AIM OF THE EXERCISE: The data below should be restated word for word, with every picture omitted.

==== EXERCISE DATA

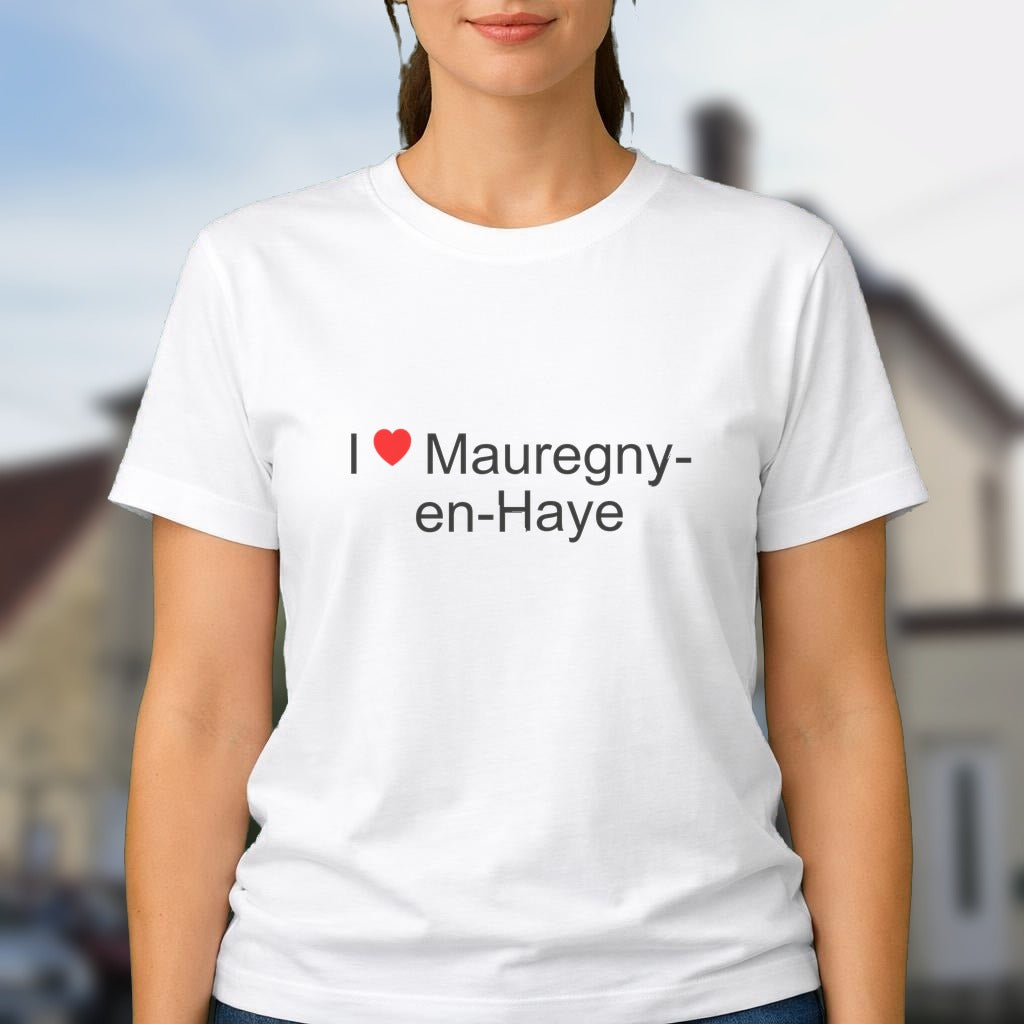 T-shirt I love mauregny-en-haye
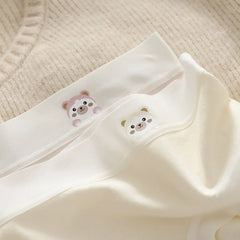 5PCS Soft Cute Panties for Women Underwear Cotton Crotch Seamless Briefs Female Lingerie Bear Underpants Gifts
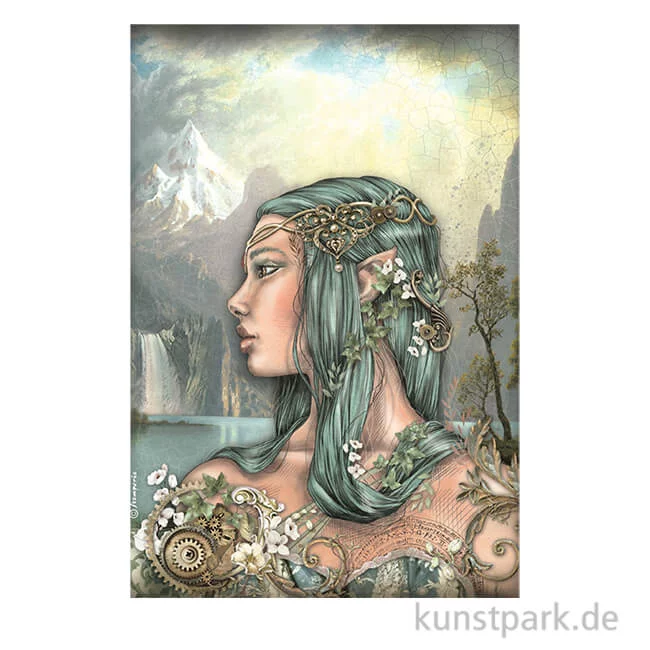 Artikelbild 1 des Artikels “Stamperia Reispapier - Magic Forest Amazon, DIN A4 “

========

TASK ANSWER:
 T-shirt I love mauregny-en-haye
 5PCS Soft Cute Panties for Women Underwear Cotton Crotch Seamless Briefs Female Lingerie Bear Underpants Gifts
 Artikelbild 1 des Artikels “Stamperia Reispapier - Magic Forest Amazon, DIN A4 “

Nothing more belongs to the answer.